RProp
RProp is a popular gradient descent algorithm that only uses the signs of gradients to compute updates [1] [2] . It stands for Resilient Propagation and works well in many situations because it adapts the step size dynamically for each weight independently. This blog posts gives an introduction to RProp and motivates its design choice of ignoring gradient magnitudes.
Most gradient descent variants use the sign and the magnitude of the gradient. The gradient points in the direction of steepest ascent. Because we typically want to find a minimum, we follow the gradient in the opposite direction. This direction is completely determined by the sign of the gradient.
Gradient magnitudes
To decide on the step size, a scaled version of the gradient’s magnitude is generally used by most gradient descent algorithms. This heuristic often works well but there is no guarantee that it is always a good choice. To see that it can work extremely badly, and does not have to contain valuable information, we consider a function \(f\). The plots below show \(f\) as well as two scaled versions.
All three of these functions have the exact same optima, so the step updates using gradient descent should all be similar. However, if we determine the step size using the gradient’s magnitude, then the step sizes for the three functions differ by orders of magnitude. Even worse, the gradient virtually vanishes for the second function and explodes for the third, as shown below:
This shows that the gradient’s magnitude does not necessarily contain useful information for determining the step size. Even though optima can still be found by choosing appropriate learning rates, this makes it clear that using the gradient’s magnitude at all is sometimes questionable. Using a fixed learning rate will also fail if only some parts of the function are scaled.
Updating weights
Modern gradient descent variants try to circumvent this problem by dynamically adapting the step size. RProp does this in a way that only requires the sign of the gradient. By ignoring the gradient’s magnitude, RProp has no problems if a function has a few very steep areas.
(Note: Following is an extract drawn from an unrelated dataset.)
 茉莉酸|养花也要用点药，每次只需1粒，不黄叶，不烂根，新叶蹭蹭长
Concretely, RProp uses a different step size for each dimension. Let \(\eta_i^{(t)}\) be the step size for the \(i\)-th weight in the \(t\)-th iteration of gradient descent. The value for the first and second iteration, \(\eta_i^{(0)}\) and \(\eta_i^{(1)}\), is a hyperparameter that needs to be chosen in advance. This step size is then dynamically adapted for each weight, depending on the gradient.
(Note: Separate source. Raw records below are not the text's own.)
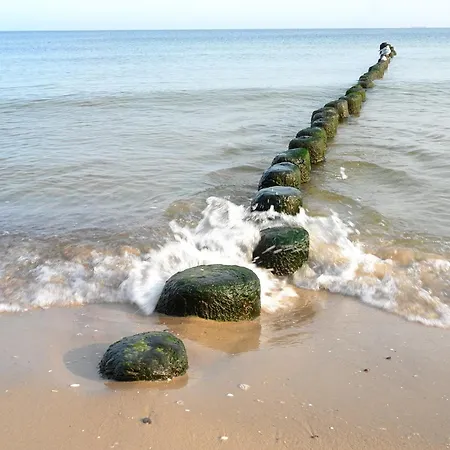 公寓 Haus Auguste - App. 16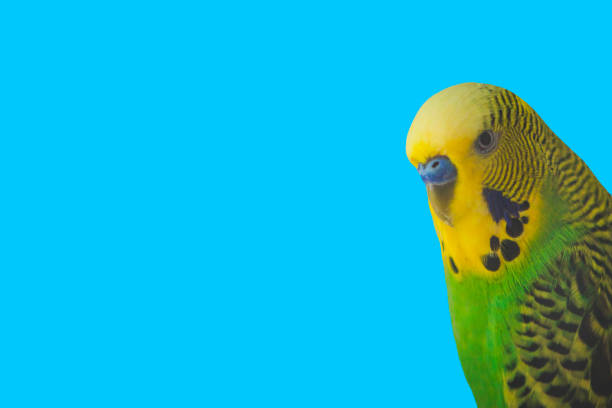 Budgie in blue Close-up of a budgie head and torso on a blue single color background budgerigar photos stock pictures, royalty-free photos & images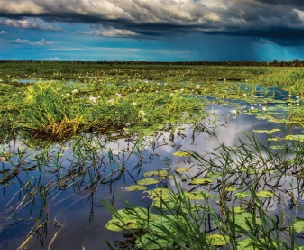 Yellow Water Wetlands, Kakadu National Park. Credit - Michael Douglas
The weights themselves are updated using
\[w_i^{(t)} = w_i^{(t - 1)} - \eta_i^{(t - 1)} * \operatorname{sgn}\left(\frac{\partial E^{(t - 1)}}{\partial w_i^{(t - 1)}}\right)\]where the sign of the partial derivative of the error in the last step with respect to the respective weight is computed. We go in the direction of descent using the determined step size.
Adapting the step size
In each iteration of RProp, the gradients are computed and the step sizes are updated for each dimension individually. This is done by comparing the gradient’s sign of the current and previous iteration. The idea here is the following:
- When the signs are the same, we go in the same direction as in the previous iteration. Since this seems to be a good direction, the step size should be increased to go to the optimum more quickly
- If the sign changed, the new update is moving in a different direction. This means that we just jumped over an optimum. The step size should be decreased to avoid jumping over the optimum again
A visualization of this idea is shown below.
To implement this update scheme, the following formula is used:
\[\eta_i^{(t)} = \begin{cases} \min(\eta_i^{(t - 1)} * \alpha, \eta_{\max}) & \text{if } \frac{\partial E^{(t)}}{\partial w_i^{(t)}} * \frac{\partial E^{(t - 1)}}{\partial w_i^{(t - 1)}} > 0 \\ \max(\eta_i^{(t - 1)} * \beta, \eta_{\min}) & \text{if } \frac{\partial E^{(t)}}{\partial w_i^{(t)}} * \frac{\partial E^{(t - 1)}}{\partial w_i^{(t - 1)}} < 0 \\ \eta_i^{(t - 1)} & \text{otherwise} \end{cases} \label{eq:rprop}\]where \(\alpha > 1 > \beta\) scale the step size, depending on whether the speed should be increased or decreased. The step size is then clipped using \(\eta_{\min}\) and \(\eta_{\max}\) to avoid it becoming too large or too small. If a gradient was zero, a local optimum for this weight was found and the step size is not changed.
Hyperparameters
These seem like many hyperparameters to choose, but in practice there are known values for them that generally work well. It is also not problematic if the clipping values \(\eta_{\min}\) and \(\eta_{\max}\) are respectively smaller and larger than necessary because an inconvenient step size is generally adapted quickly.
Popular values for \(\alpha\) and \(\beta\) are \(1.2\) and \(0.5\). Heuristically, it works well to increase the step size slowly, while allowing for the possibility of quickly decreasing it when jumping around an optimum. For fine-tuning the weights, it is important that \(\beta\) is not the reciprocal of \(\alpha\), to allow for many different step sizes.
Conclusion
One advantage of RProp that was not discussed so far is having a different step size for each weight. If one weight is already very close to its optimal value while a second weight still needs to be changed a lot, this is not a problem for RProp. Other gradient descent variants can have much more problems with such a situation, especially because the gradient magnitudes can be misleading here.
While RProp works well in a lot of situations, it is not perfect. For instance, RProp generally requires large batch updates. If there’s too much randomness in stochastic gradient descent, then the step sizes jump around too much and the updates work badly.
Implementing RProp is quite straightforward. To get a better understanding of RProp, reading the PyTorch implementation can also be helpful.